3.7 What of investment efficiency? Assuming an invariant structure of the economy and static technology, neoclassical models usually point to capital accumulation as the sole source of economic growth in the medium term. They estimate the Incremental Capital/Output Ratio (ICOR) as a measure of aggregate investment efficiency. Other things being equal, a lower ICOR implies greater efficiency of investment. However, “other things” are never equal, especially in developing countries. Also, national output is affected by many other factors, including technical change and social instability, and as mentioned above, by aggregate demand. In other words, the ICOR is a highly imperfect indicator, which at best can only point toward certain hypotheses. Nevertheless, data from the past decade should be briefly considered.

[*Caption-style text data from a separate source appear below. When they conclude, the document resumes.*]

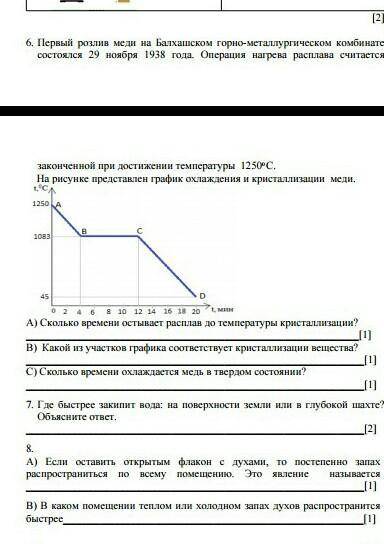 Дайте нормальный ответ.Первый розлив меди на Балхашском горно-металлургическом комбинате состоялся 2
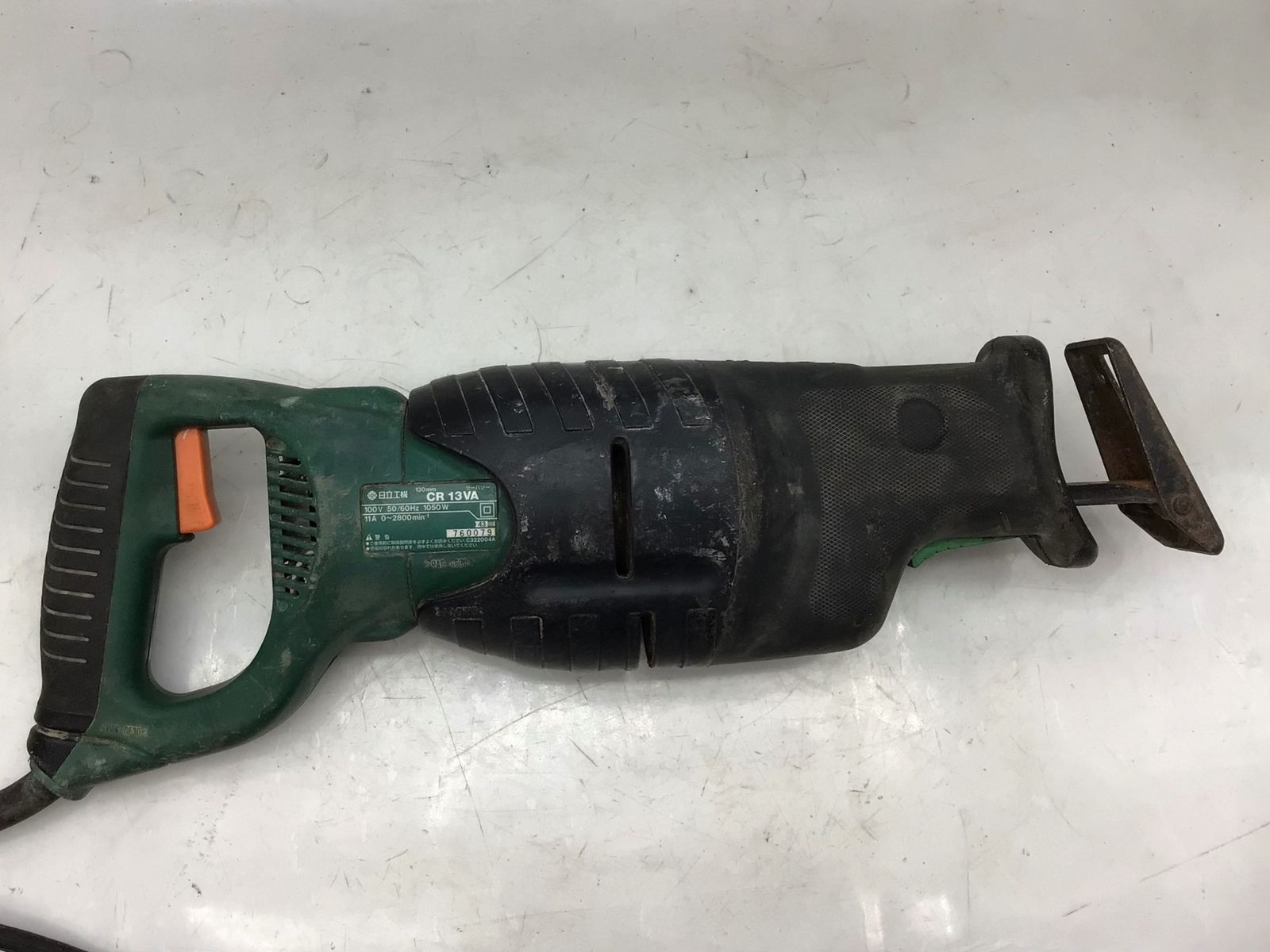 【正規品】 品 Hitachi 日立工機 130mmセーバソー CR13VA IT2BE0WGVBCS エコツール知立店 M02 送料無料でお届けします。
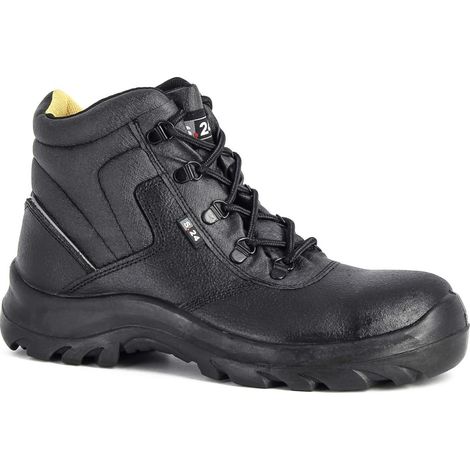 Chaussures de sécurité S24 BOA S3 - Cuir grainé noir - Taille 37 - 5132 (1/2)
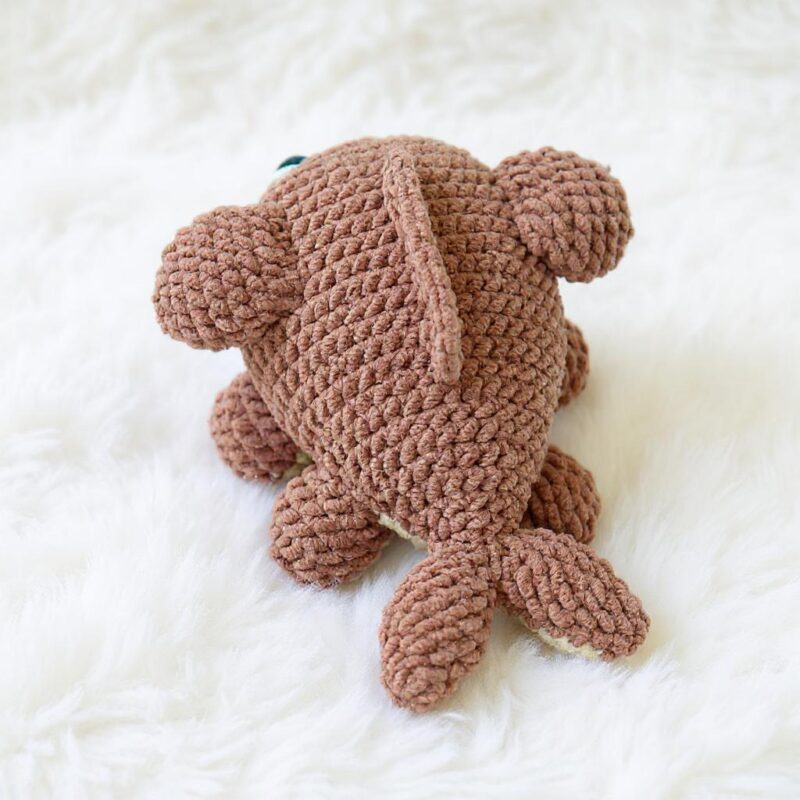 Bark Shark Amigurumi Crochet Pattern - Adorable DIY Stuffed Animal Toy - Instant Download PDF - Image 4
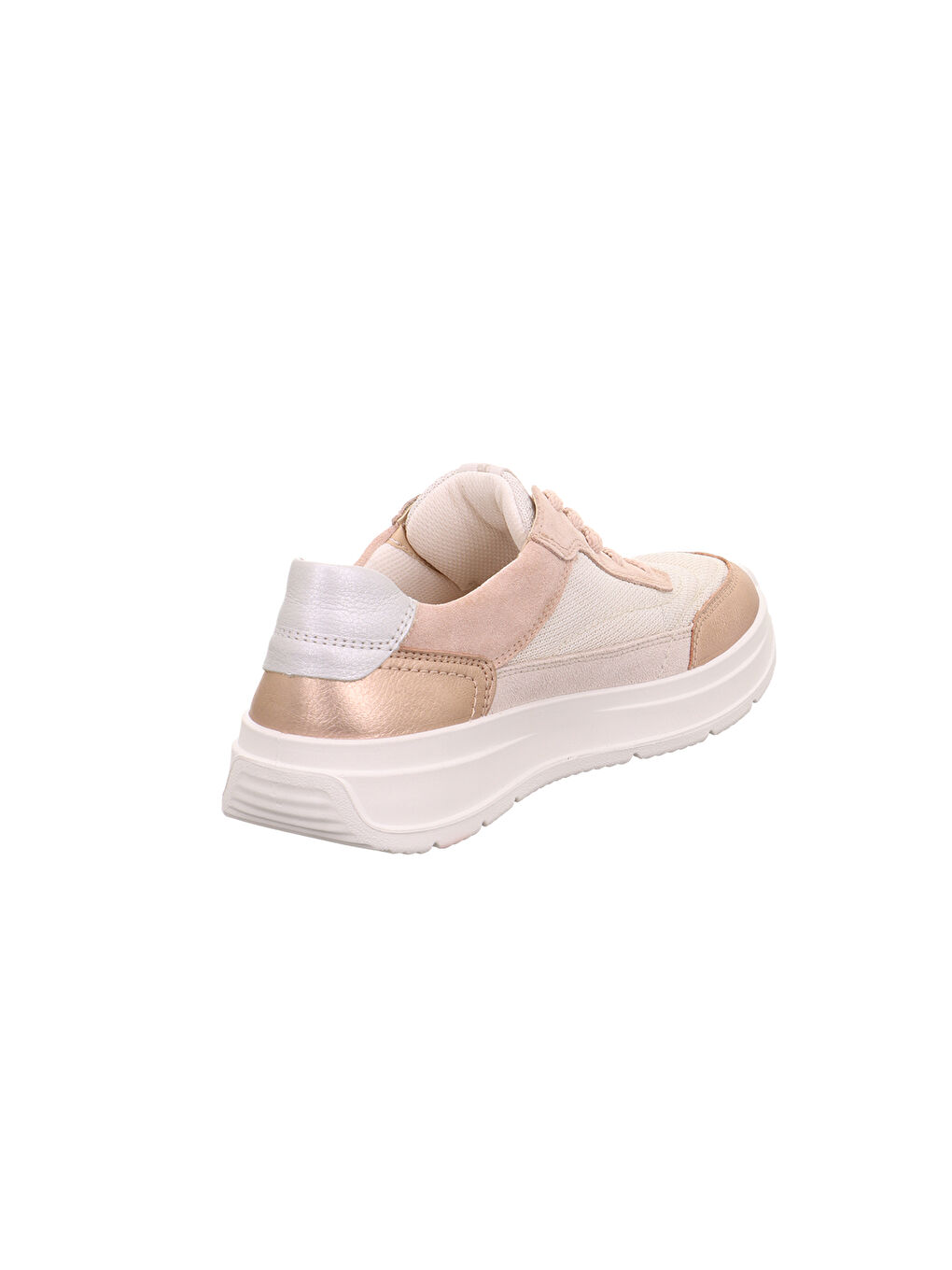 Beyaz Kadın Sneaker ( Günlük) 2-000240-9370 SPRINTER White/Beige-4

3.8 Bank estimates assume for simplicity that the growth impact of investment begins with a one-year lag, and define annual ICOR as investment during year t divided by growth in year t+1. Defined as such, the ICOR for the entire economy falls from an average of 9.5 for the first four years, 1996 through 1999, to an average of 4.7 for the latter four years, 2001 to 2004. Surprisingly, the developments in the hydrocarbon and non-hydrocarbon sectors are virtually identical, with the non-hydrocarbon ICOR averaging 9.1 for the earlier period and 4.9 for the recent years.28 This partly reflects an acceleration of GDP annual growth to an average of 5.6 percent in 2002–04 from the average of 2.7 percent during the previous seven years.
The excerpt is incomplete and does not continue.